Provenance tracking using semantic web technologies? #228

DamienIrving · 2021-05-24T04:43:09Z

In recent years, Semantic Web technologies have been used to record the data processing steps involved in producing climate products (i.e. maps, plots or any other climate research outcome stored in a file).

While Python packages such as rook and ESMValTool simply define their own bespoke / narrow adaptation of the PROV / RDF data model to suit their own needs, there have been attempts to define a comprehensive ontology for climate products (e.g. Bedia et al 2019, Zhang et al., 2020).

As far as I can tell, the most widely used ontology is METACLIP (METAdata for CLImate Products; see their website, flyer and paper), which was initially developed for the Copernicus QA4Seas seasonal forecasting project and is now also being used for the VALUE downscaling initiative. The METACLIP developers work in R and have integrated their approach to provenance tracking into the climate4R package.

I'm wondering if there's any interest in trying to figure out how to incorporate provenance tracking into xarray? There isn't a Python implementation of METACLIP yet, but presumably one could implement the ontology using rdflib. @huard suggested cf-xarray might be a good place to start the conversation around this, but happy to move the discussion elsewhere if it would be more appropriate?

The text was updated successfully, but these errors were encountered:

dcherian · 2021-05-25T01:48:24Z

@DamienIrving thanks for opening this thoughtful issue.

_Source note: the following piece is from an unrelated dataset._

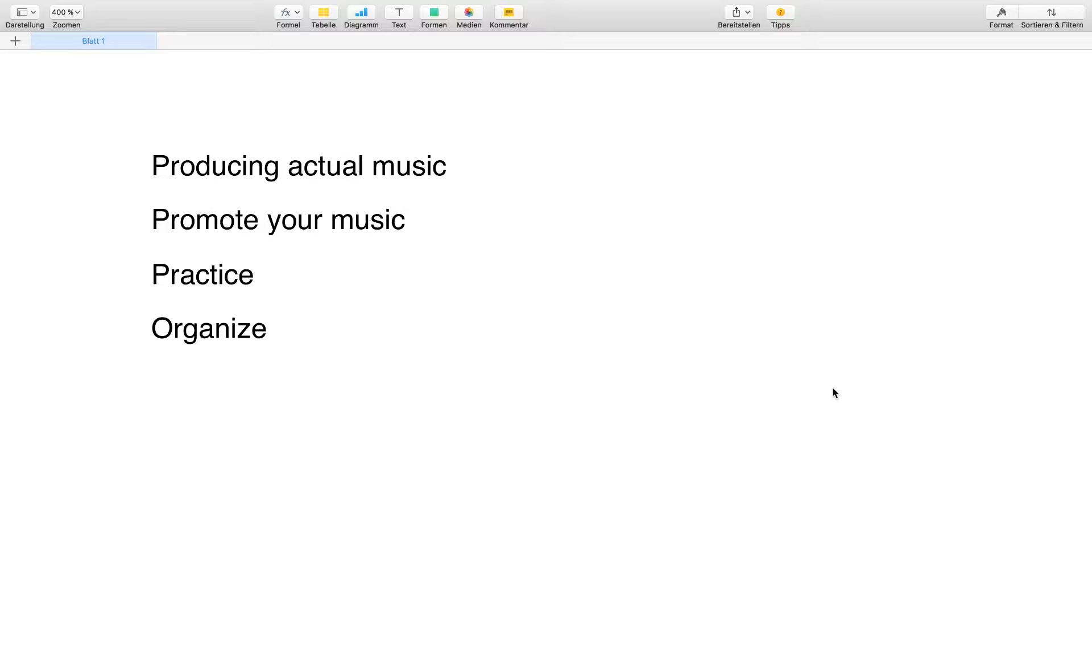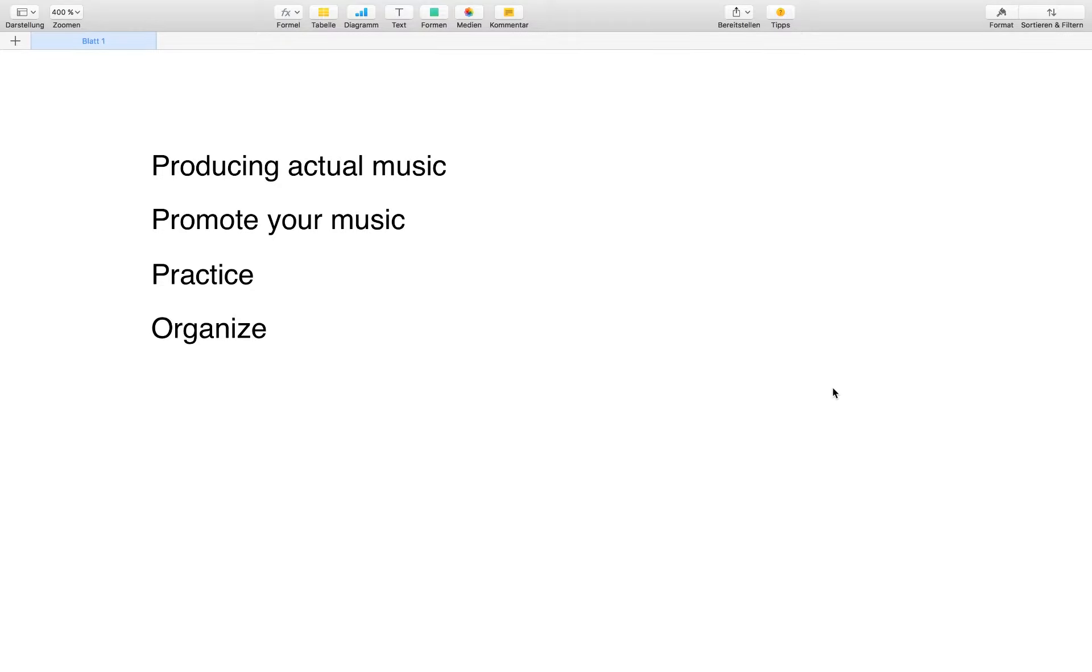my music career started or get better and grow as an artist. I need to produce actual music, I need to promote this music, I need to practice new techniques, and I need to organize myself, such as organizing the sample library or planning my new week. And what I really recommend is that you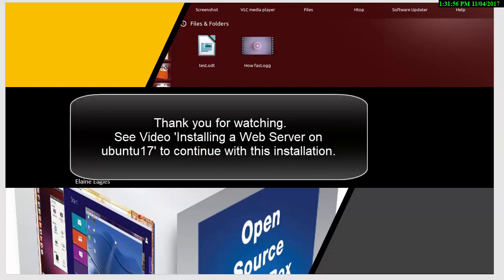So thank you for watching. See my video on installing a web server to continue with this installation. I'll see you next time.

I'm wondering if there's any interest in trying to figure out how to incorporate provenance tracking into xarray?

Yes absolutely.

but happy to move the discussion elsewhere if it would be more appropriate?

I think this should be discussed in a new issue on the xarray github. It will get a lot more visibility and thoughtful input. Assuming that provenance could be tracked through a fancy attr, it will also tie in to the discussions at pydata/xarray#988, pydata/xarray#4896, and pydata/xarray#3891 (comment)

I think users would want to opt-in to provenance tracking at the xarray level rather than only when calling functions through the .cf namespace. But cf-xarray or some other package could provide a function that handles incoming provenance attributes and returns an appropriately merged set of attributes.

huard · 2021-05-25T13:40:13Z

@dcherian I agree there is value in getting input from the xarray crowd, and I agree provenance should be supported at the xarray level. However, I'm concerned that finding an all-purpose solution that works for every discipline will end up in an infinite github comment thread. I'd like to first define what the CF community wants, and then carry this proposal to xarray for feedback.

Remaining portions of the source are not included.